Die Tiwanaku-Architektur ist erst wenig erforscht. Die einzigen Forscher, die die Steinarchitekturen von Tiwanaku bisher systematisch untersuchten, sind

  • Léonce Angrand (1848)
  • Alfons Stübel (1892)
  • Jean-Pierre Protzen und Stella Nair (2013)

Hauptkomponenten

Nach dem Anthropologen Paul Goldstein lassen sich weitesten Sinne die Schlüsselelemente wie folgt kategorisieren:[2]
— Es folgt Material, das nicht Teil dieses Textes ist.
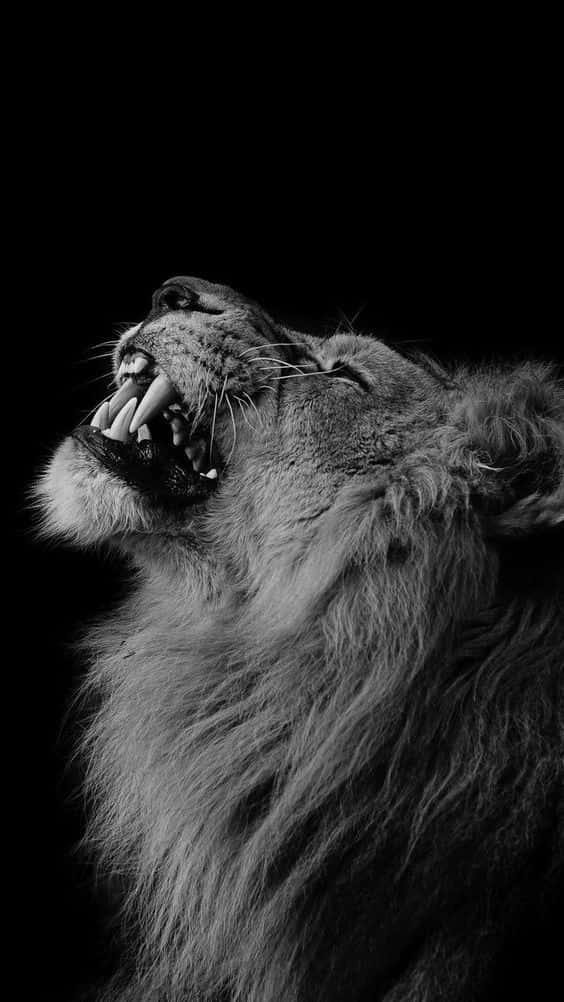 "A Black and White Lion Roaring" Wallpaper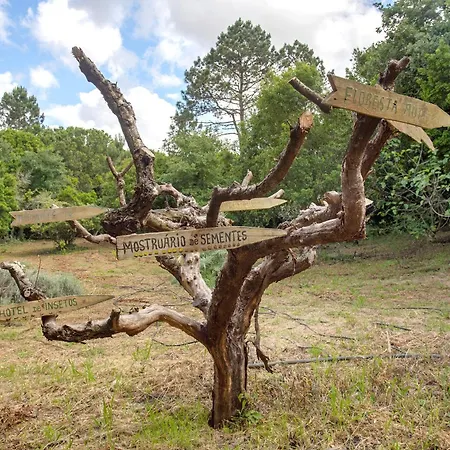 Quinta Do Castelo - Casa De Madeira Εξοχικό σπίτι Reguengo Grande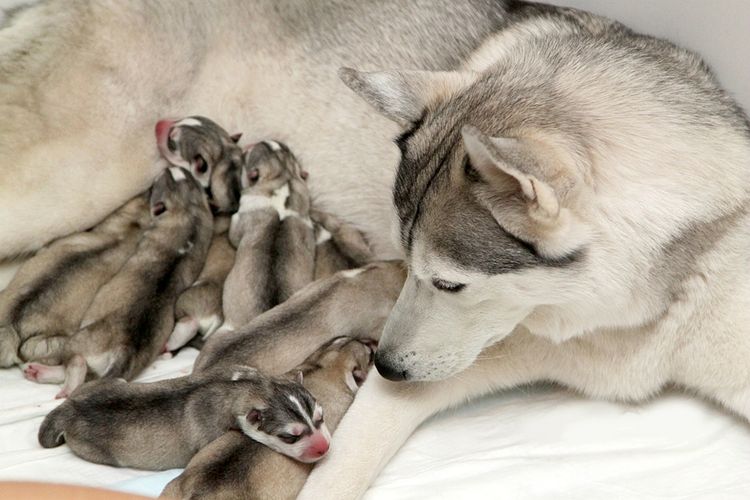 chiots husky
  • künstliche angelegte terrassierte Hügel (siehe z. B. Akapana und Pumapunku)
  • rechteckige Umfriedungen, einschließlich ummauerter Bezirke und abgesenkter Höfe (siehe z. B. Putuni und Kalasasaya)
  • Komplexe aus Toren und Treppen, die den Zugang zu Zeremonialkernen ermöglichten

Die Architekturhistoriker Jean-Pierre Protzen und Stella Nair ergänzen:

Diagnostische Merkmale

Abgestufte Faschen (in feiner Ausführung), die Nischen und Tore umgeben, sind ein diagnostisches Merkmal der Tiwanaku-Architektur. Außerdem sind das Stufenmotiv und Krampen mit denen Steinblöcke zusammengehalten werden, ein diagnostisches Merkmal. Das Motiv der abgestuften Fasche wurde von den Inka bei Pilkokaina übernommen und findet sich dort in weniger feiner Ausführung.[3] Zudem tritt das Motiv abgestufter Faschen oft in Reihen auf.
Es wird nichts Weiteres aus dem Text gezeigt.